▶ [The task]: The result should be a full, exact repeat of the entries, free of pictures.

▶ [Records for the task]:
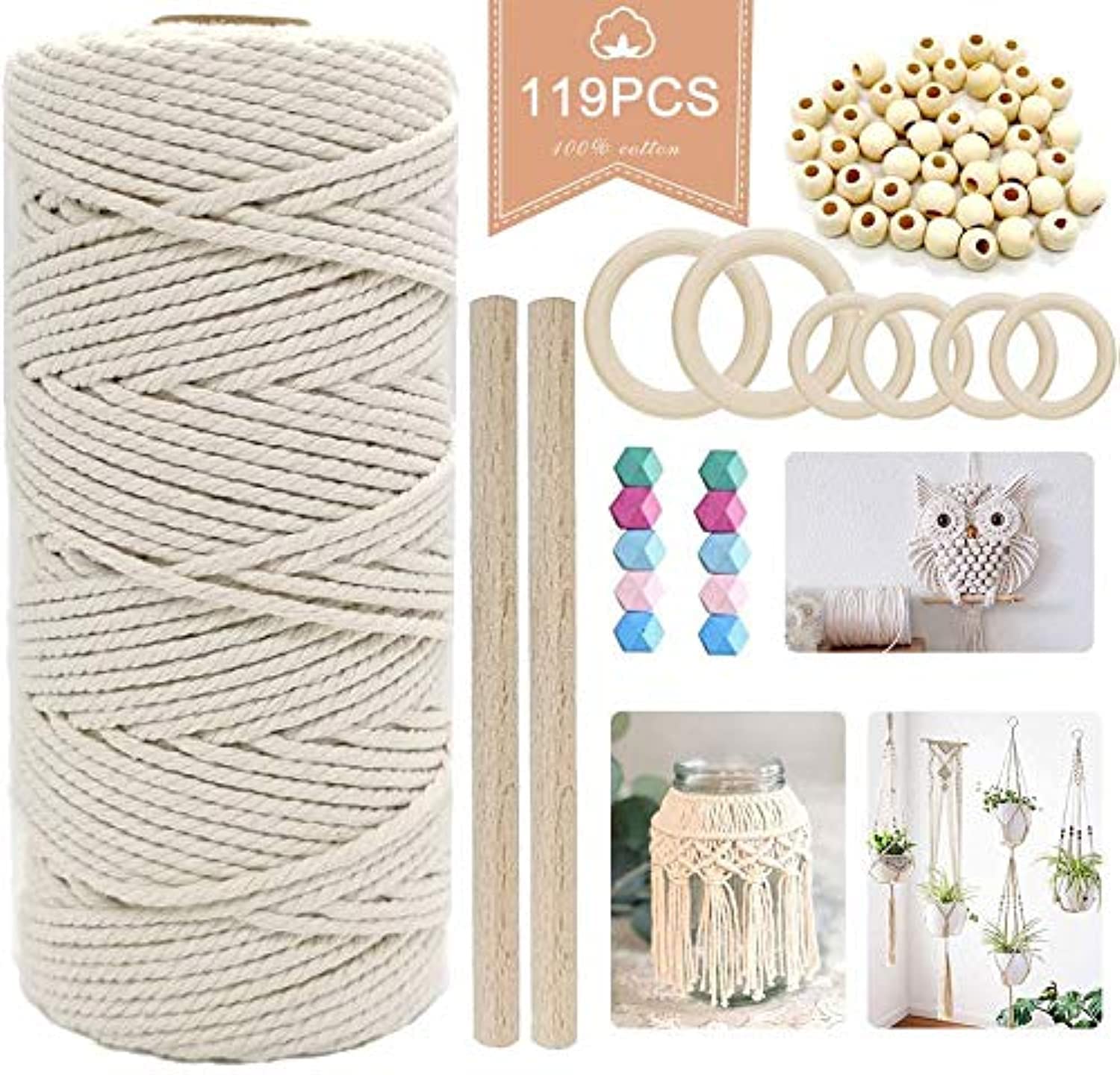 UPTO Macrame Cord 3mm,Macrame Kit for Beginners Adults Natural Cotton Rope with Wood Rings,Wood Stick,Colour Beads for Macrame DIY Wall Hanging,Plant Hanger Kits,Macrame Starter Kits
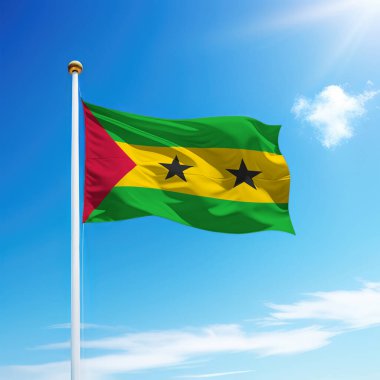 Bayrak direğinde Sao Tome ve Principe 'nin bayrağını sallıyor. Bağımsızlık Günü şablonu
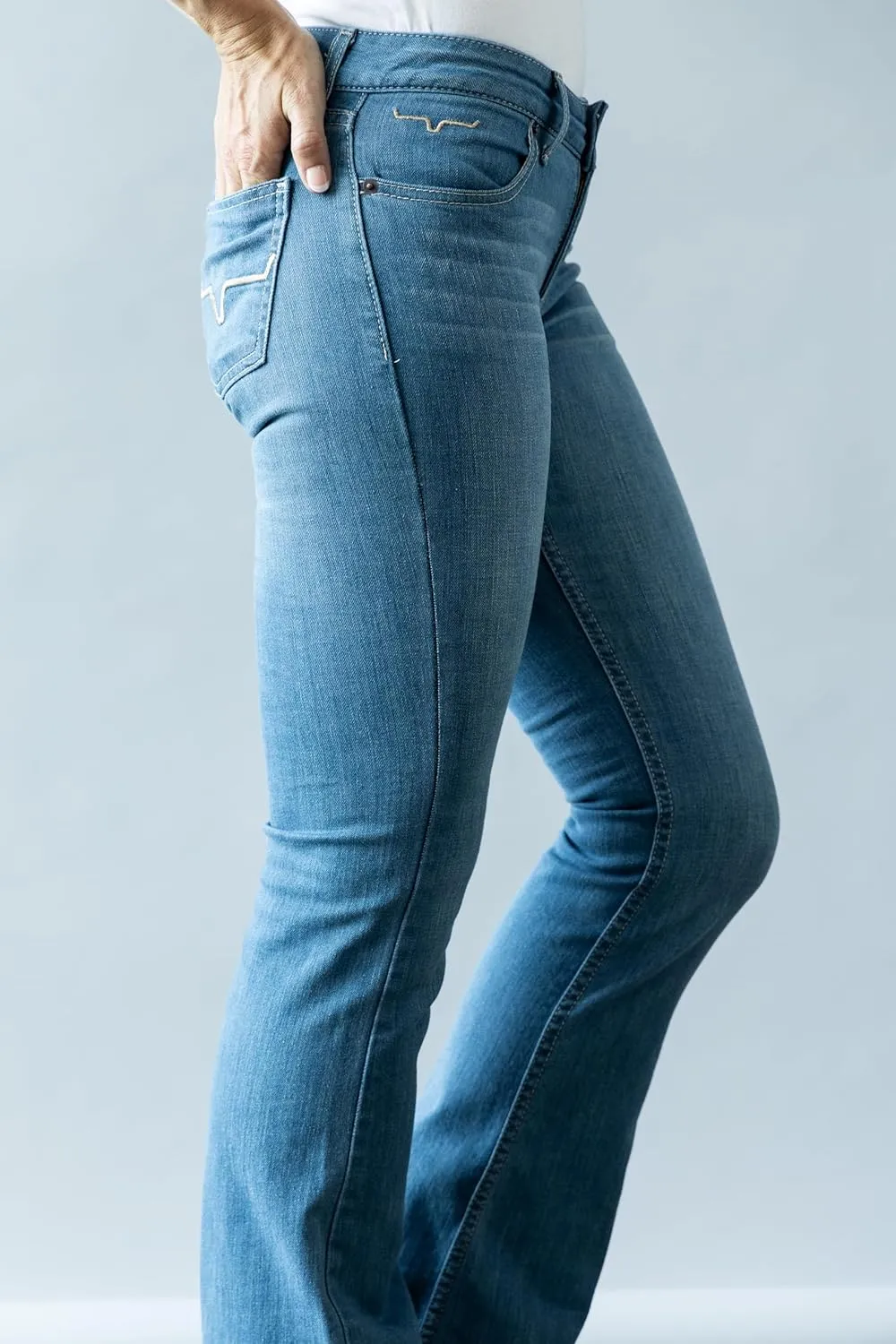 Kimes Ranch Women's Lola Soho Fade Western Mid-Rise Wide Flare Leg Light Wash Tri-Blend Denim Blue Jeans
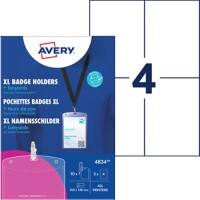 Avery Zweckform 4834, Namensschilder-Taschen groß mit Lanyard, 105 x 148 mm, Transparent, Weiß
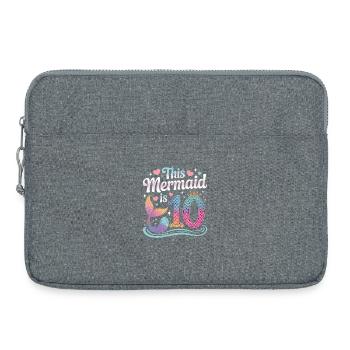 Meerjungfrau 10. Geburtstag 10 Jahre - Laptoptasche 15" - Grau meliert - Vorne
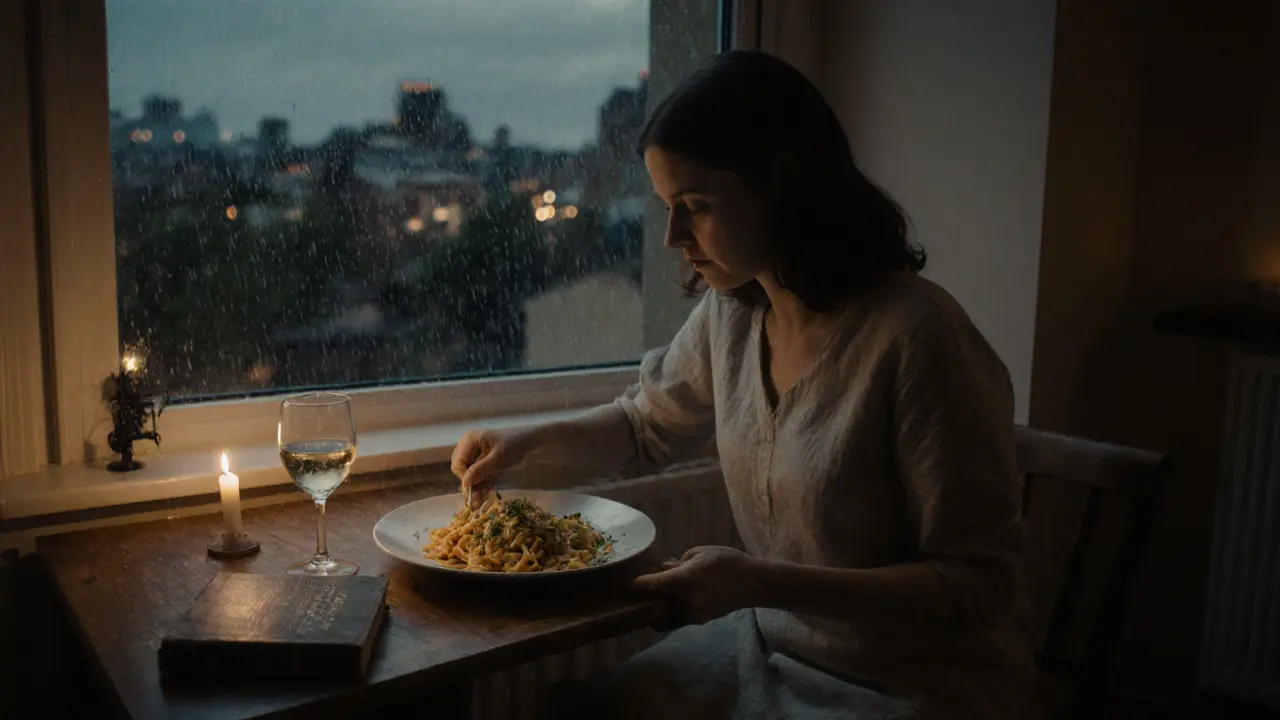 A woman serving homemade pasta by candlelight in a rainy London flat at dusk.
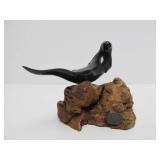 Signed JOHN PERRY Seal Sculpture on Burled Wood Base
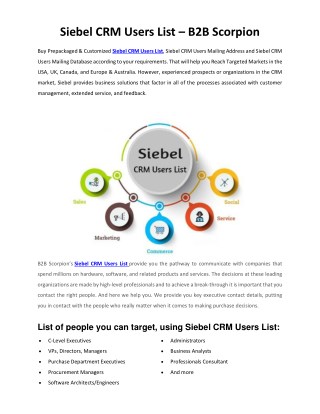 Siebel CRM Users List | Siebel CRM Users Mailing Address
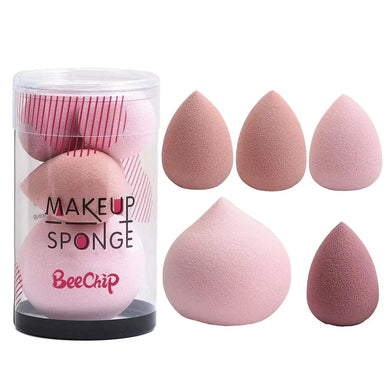 Mini Cosmetic Egg Set - 5 PCs, Wet & Dry Dual-Use Makeup Blender, Large Powder Puff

▶ [Solution]:
 UPTO Macrame Cord 3mm,Macrame Kit for Beginners Adults Natural Cotton Rope with Wood Rings,Wood Stick,Colour Beads for Macrame DIY Wall Hanging,Plant Hanger Kits,Macrame Starter Kits
 Bayrak direğinde Sao Tome ve Principe 'nin bayrağını sallıyor. Bağımsızlık Günü şablonu
 Kimes Ranch Women's Lola Soho Fade Western Mid-Rise Wide Flare Leg Light Wash Tri-Blend Denim Blue Jeans
 Avery Zweckform 4834, Namensschilder-Taschen groß mit Lanyard, 105 x 148 mm, Transparent, Weiß
 Meerjungfrau 10. Geburtstag 10 Jahre - Laptoptasche 15" - Grau meliert - Vorne
 A woman serving homemade pasta by candlelight in a rainy London flat at dusk.
 Signed JOHN PERRY Seal Sculpture on Burled Wood Base
 Siebel CRM Users List | Siebel CRM Users Mailing Address
 Mini Cosmetic Egg Set - 5 PCs, Wet & Dry Dual-Use Makeup Blender, Large Powder Puff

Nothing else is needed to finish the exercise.